One of my favorite people in the world is someone I consider a family member, my friend Jim. When we lived closer to each other we would run into each other at least once a week, often hanging out at a diner late in the night laughing and talking. Then I had a baby, moved to the suburbs, stopped going to the places we ran into each other – and now we only see each other a few times a year, even though we’re in the same area.
Keeping up with him has become a challenge.
Now, this is true for many of my friends – we used to just run into each other regularly – but luckily, most of those folks are on Facebook or Twitter or write blogs, so it’s easy to keep up digitally. But Jim isn’t online. He didn’t even have email until very recently. In order to chat with him, I’d need to pick up the phone and call him.
And you know what I never do anymore? Pick up the phone and call people.

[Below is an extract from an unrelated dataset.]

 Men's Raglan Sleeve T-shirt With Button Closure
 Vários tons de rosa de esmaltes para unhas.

If I want to talk to someone “in person”, I reach out on Skype, or Facebook chat, or do a Google+ Hangout. If I want to make arrangements to get together, I create a Facebook event. Many of my friends are on Twitter now – which means I’m talking a dozen times a day with a friend I met at a blogging conference – but I’m not talking to those friends of mine that have been a big part of my earlier life (particularly, for me, the friends I made while getting sober). Those people I have to work hard to connect with, and frankly, that means I often don’t.

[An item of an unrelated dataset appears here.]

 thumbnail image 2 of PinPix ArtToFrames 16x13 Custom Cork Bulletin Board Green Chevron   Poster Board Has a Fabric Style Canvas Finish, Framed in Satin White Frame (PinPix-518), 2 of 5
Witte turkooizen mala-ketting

I absolutely adore the way that social media connections have enriched my life and helped me get closer to some of the most amazing people – particularly other mom bloggers – that I’ve ever been lucky enough to know.
But I miss the rest of my friends. I’ve begged them to get online, but many of them simply refuse. Which means, ultimately, if I want to maintain those friendships I need to do that thing that fifteen years ago was an as natural as breathing – pick up the damn phone and call them.